# **Deep Learning with PyTorch** -  Introductory Lab

## **Part 3:** Deep Learning with PyTorch - Image Denoising Example

* In this part we do a simple deep learning example.
* The aim it to train a Convolutional Neural Network (CNN) for image denoising.

* This notebook is designed to be run on Colab.
* But it can easily be modified to be run locally.

### Setup
* **IMPORTANT!** Activate GPU acceleration by clicking: `Runtime -> Change runtime type -> Hardware Accelerator -> GPU`.
* Unless you already did, you need to make shortcut to the shared data folder in your google drive (see instructions in **part 2** of the lab).
* Run the code in the cell below and follow the instructions to mount your drive to Colab.

In [None]:
# Connect your google drive
from google.colab import drive
drive.mount('/content/gdrive')

In [None]:
# Set up path to your dataset
# Use this path if you have copied the data to your Google drive
# If you put the data somewhere else, you need to modify this
dataset_path = '/content/gdrive/My Drive/DIV2K_train_small/'

In [None]:
# Import libraries we will need
import torch
import torch.nn as nn
import torch.nn.functional as F
import numpy as np
import matplotlib.pyplot as plt
from PIL import Image

In [None]:
# Functions we used in part 2

# Read an image with the given name and convert it to torch
def imread(image_file, base_path=None):
    if base_path is None:
        base_path = dataset_path
    im_pil = Image.open(base_path + image_file)
    im_np = np.array(im_pil, copy=False)
    im_torch = torch.from_numpy(im_np).permute(2, 0, 1)
    return im_torch.float()/255

# Show a PyTorch image tensor
def imshow(im, normalize=False):
    # Detatch from graph and move to CPU
    im = im.detach().cpu()

    # Fit the image to the [0, 1] range if normalize is True
    if normalize:
        im = (im - im.min()) / (im.max() - im.min())

    # Remove redundant dimensions 
    im = im.squeeze()    # Mini excersize: check in the documentation what this function does

    is_color = (im.dim() == 3)

    # If there is a color channel dimension, move it to the end
    if is_color:
        im = im.permute(1, 2, 0)

    im_np = im.numpy().clip(0,1)    # Convert to numpy and ensure the values in the range [0, 1]
    if is_color:
        plt.imshow(im_np)
    else:
        plt.imshow(im_np, cmap='gray')
    plt.axis('off')
    plt.show()

### Defining a Neural Network
* Lets first create a CNN that just consists of a single conv layer with no nonlinearities.
* When reading the code, also check the [doc for the Conv2d layer](https://pytorch.org/docs/stable/generated/torch.nn.Conv2d.html#conv2d).

In [None]:
# In PyTorch, a neural network is represented by a python class.
# All neural networks and network modules must inherit from the nn.Module class.

class LinearConvNet(nn.Module):
    """ A CNN consisting of a single conv layer.
    args:
        kernel_size: Size of the filter.

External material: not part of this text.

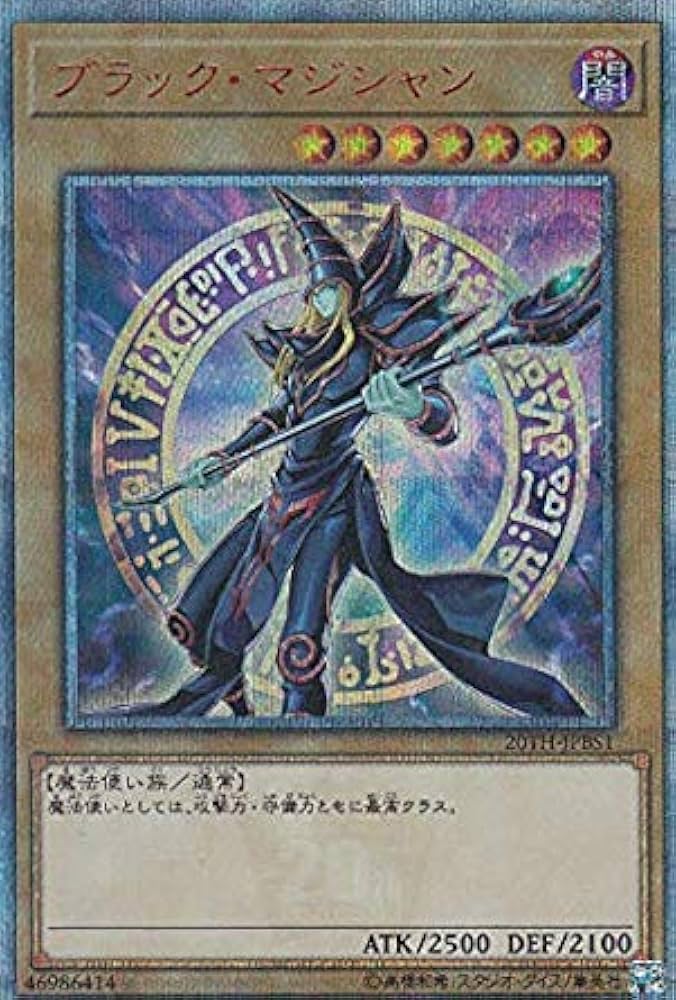 Amazon.co.jp: 遊戯王 20TH-JPBS1 ブラック・マジシャン (日本語版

Must be odd.
        bias: Use bias or not.
        init_std: Initialize weights randomly with this standard deviation."""

    # In the constructor we can define the modules and layers that we want the network to have.
    # We should also initialize the weights of the layers.

    def __init__(self, kernel_size=5, num_channels=1):
        super().__init__()   # Always call the constructor of the parent

        # Define a convolutional layer
        # We talked about in/out channels and the kernel size in the previous part of the lab
        # The padding parameter controls the ammount of zeros to implicitly add around the image border.
        # Setting padding=kernel_size//2 will give use the same output size as input size, if kernel_size is odd.
        self.conv = nn.Conv2d(in_channels=num_channels, 
                              out_channels=num_channels, 
                              kernel_size=kernel_size,
                              padding=kernel_size//2)

        # torch.nn.init implements many different initialization strategies.
        # dirac_() simply initializes the filter to the identity mapping.
        torch.nn.init.dirac_(self.conv.weight)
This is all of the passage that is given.